Your goal
Please repeat the lines below exactly. Begin with the line containing "Photograph showing rattan" and go on through the line containing "Bébé reborn Loulou".
==== Extracted entries ====
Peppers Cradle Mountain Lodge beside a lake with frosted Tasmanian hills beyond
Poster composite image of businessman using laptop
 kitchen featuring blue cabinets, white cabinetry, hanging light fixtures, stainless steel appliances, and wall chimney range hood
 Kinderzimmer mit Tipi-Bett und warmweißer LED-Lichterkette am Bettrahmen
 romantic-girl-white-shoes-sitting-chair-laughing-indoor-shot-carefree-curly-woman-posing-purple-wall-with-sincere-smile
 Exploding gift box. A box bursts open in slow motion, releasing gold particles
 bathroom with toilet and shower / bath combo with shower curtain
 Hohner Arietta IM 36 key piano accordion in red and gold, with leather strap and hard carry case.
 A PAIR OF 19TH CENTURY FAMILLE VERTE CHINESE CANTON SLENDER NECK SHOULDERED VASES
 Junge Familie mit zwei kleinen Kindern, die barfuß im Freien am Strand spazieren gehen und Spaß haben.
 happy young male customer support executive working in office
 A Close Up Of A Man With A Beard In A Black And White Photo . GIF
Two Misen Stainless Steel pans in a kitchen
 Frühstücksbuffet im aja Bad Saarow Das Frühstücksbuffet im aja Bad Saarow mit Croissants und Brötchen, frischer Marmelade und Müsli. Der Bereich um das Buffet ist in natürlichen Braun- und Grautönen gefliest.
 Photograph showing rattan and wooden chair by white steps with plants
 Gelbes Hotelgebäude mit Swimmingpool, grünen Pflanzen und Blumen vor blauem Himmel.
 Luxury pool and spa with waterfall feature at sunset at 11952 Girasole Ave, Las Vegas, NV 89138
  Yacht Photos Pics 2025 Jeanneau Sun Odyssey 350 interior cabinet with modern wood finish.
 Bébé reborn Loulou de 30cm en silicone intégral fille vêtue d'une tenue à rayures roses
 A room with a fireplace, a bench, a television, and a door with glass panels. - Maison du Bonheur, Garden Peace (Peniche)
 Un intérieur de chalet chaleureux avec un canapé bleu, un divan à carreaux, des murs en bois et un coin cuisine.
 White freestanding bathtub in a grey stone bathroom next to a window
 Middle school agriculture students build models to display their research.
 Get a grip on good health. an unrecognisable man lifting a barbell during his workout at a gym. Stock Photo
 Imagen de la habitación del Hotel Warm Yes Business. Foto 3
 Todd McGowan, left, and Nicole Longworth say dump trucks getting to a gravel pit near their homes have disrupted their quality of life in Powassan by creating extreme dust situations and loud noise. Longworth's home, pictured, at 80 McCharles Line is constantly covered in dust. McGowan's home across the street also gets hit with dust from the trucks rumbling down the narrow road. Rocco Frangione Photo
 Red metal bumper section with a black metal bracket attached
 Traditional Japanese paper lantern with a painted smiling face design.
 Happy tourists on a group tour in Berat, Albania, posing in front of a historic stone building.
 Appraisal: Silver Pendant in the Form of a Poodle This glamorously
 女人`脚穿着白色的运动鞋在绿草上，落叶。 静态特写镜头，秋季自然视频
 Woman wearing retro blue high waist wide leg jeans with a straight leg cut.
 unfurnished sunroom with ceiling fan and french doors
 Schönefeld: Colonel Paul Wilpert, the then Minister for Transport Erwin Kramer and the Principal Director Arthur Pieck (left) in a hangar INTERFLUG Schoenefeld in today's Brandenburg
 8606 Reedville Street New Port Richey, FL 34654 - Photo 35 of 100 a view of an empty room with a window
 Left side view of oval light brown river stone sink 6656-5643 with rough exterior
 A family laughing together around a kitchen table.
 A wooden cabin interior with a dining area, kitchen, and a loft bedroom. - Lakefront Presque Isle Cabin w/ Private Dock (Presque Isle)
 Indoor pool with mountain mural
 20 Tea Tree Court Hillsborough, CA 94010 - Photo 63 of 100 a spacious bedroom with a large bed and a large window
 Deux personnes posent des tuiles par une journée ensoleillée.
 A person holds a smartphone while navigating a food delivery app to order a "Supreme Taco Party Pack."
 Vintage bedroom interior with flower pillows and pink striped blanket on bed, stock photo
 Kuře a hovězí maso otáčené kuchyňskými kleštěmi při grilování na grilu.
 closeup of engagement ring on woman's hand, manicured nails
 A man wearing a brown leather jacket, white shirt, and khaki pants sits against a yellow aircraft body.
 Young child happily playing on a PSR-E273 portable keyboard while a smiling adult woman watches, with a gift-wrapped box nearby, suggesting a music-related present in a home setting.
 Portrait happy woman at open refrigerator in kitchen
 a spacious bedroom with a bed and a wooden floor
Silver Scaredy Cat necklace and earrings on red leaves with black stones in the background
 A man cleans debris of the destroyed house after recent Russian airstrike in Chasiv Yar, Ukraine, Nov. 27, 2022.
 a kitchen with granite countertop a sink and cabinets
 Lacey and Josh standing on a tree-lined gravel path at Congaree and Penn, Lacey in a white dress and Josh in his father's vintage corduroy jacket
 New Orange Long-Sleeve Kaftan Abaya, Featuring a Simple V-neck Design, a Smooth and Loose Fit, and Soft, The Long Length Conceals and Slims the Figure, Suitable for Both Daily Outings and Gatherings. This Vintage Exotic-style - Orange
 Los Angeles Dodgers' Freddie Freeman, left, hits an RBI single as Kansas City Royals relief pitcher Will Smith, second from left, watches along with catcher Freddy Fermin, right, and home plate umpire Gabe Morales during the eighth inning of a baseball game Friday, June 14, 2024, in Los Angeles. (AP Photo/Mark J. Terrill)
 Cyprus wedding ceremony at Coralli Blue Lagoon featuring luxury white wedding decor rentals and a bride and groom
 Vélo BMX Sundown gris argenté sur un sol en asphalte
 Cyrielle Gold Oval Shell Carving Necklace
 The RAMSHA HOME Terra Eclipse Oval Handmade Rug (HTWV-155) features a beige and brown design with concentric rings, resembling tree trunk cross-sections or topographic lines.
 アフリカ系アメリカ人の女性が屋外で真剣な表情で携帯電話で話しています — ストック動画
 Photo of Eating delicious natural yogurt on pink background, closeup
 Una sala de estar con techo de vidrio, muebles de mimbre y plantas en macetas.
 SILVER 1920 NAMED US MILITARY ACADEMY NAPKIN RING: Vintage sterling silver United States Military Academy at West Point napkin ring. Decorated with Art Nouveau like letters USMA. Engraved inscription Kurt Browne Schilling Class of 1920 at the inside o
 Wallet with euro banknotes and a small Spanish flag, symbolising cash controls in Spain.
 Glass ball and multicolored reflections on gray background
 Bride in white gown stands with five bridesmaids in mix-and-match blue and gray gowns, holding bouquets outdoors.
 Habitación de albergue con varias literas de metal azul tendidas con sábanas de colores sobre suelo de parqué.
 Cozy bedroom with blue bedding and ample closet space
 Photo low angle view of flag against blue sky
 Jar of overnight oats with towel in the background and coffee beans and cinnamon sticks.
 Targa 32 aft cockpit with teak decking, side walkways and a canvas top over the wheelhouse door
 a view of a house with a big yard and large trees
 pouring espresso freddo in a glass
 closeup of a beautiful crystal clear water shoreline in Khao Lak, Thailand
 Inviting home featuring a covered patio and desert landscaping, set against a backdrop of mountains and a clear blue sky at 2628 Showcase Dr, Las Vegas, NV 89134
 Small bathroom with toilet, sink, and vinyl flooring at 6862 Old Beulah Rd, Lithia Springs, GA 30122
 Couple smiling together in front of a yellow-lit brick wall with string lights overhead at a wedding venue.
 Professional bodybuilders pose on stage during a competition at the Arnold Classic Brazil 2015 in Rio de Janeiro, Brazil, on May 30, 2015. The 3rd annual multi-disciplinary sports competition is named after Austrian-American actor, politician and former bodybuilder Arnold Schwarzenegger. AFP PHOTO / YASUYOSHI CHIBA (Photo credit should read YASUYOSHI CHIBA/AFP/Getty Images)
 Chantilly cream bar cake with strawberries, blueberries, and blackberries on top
====
Exercise solution
 Photograph showing rattan and wooden chair by white steps with plants
 Gelbes Hotelgebäude mit Swimmingpool, grünen Pflanzen und Blumen vor blauem Himmel.
 Luxury pool and spa with waterfall feature at sunset at 11952 Girasole Ave, Las Vegas, NV 89138
  Yacht Photos Pics 2025 Jeanneau Sun Odyssey 350 interior cabinet with modern wood finish.
 Bébé reborn Loulou de 30cm en silicone intégral fille vêtue d'une tenue à rayures roses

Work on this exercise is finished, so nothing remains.